(Items from a data source)

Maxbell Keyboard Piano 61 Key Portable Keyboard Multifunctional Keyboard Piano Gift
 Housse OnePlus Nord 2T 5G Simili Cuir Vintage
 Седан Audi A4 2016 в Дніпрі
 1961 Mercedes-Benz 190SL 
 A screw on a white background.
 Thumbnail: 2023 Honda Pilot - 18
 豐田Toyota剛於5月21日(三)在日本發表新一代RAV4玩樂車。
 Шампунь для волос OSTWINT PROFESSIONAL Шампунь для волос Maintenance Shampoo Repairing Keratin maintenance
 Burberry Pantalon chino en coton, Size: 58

DESCRIPTION OF THE TASK = Output the data above exactly, please, line for line.

SOLUTION FOR THIS TASK =
Maxbell Keyboard Piano 61 Key Portable Keyboard Multifunctional Keyboard Piano Gift
 Housse OnePlus Nord 2T 5G Simili Cuir Vintage
 Седан Audi A4 2016 в Дніпрі
 1961 Mercedes-Benz 190SL 
 A screw on a white background.
 Thumbnail: 2023 Honda Pilot - 18
 豐田Toyota剛於5月21日(三)在日本發表新一代RAV4玩樂車。
 Шампунь для волос OSTWINT PROFESSIONAL Шампунь для волос Maintenance Shampoo Repairing Keratin maintenance
 Burberry Pantalon chino en coton, Size: 58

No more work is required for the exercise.